Content starts

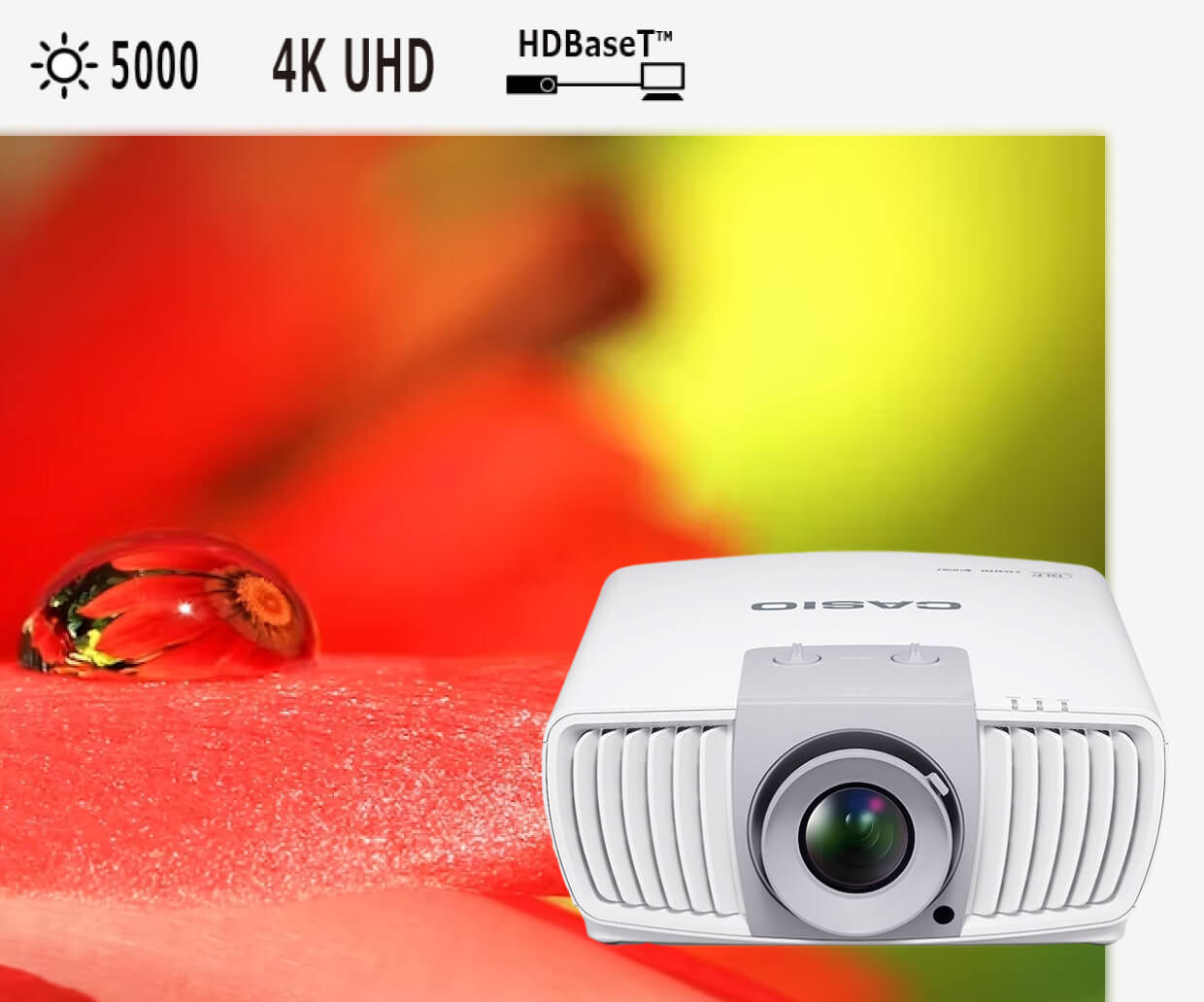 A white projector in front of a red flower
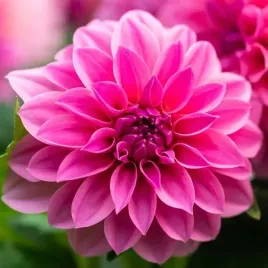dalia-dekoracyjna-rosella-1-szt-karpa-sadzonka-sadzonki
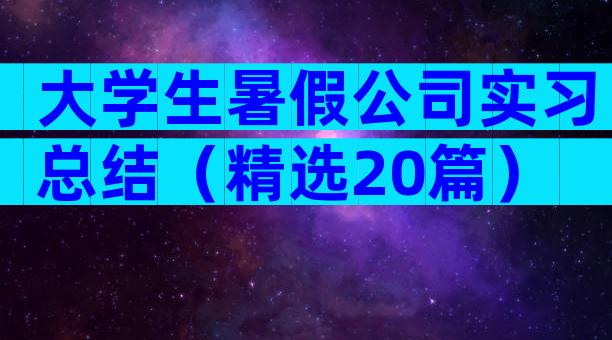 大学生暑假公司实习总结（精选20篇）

Content ends

What is expected — Repeat all the material above exactly, apart from the pictures.

Written response —
 A white projector in front of a red flower
dalia-dekoracyjna-rosella-1-szt-karpa-sadzonka-sadzonki
 大学生暑假公司实习总结（精选20篇）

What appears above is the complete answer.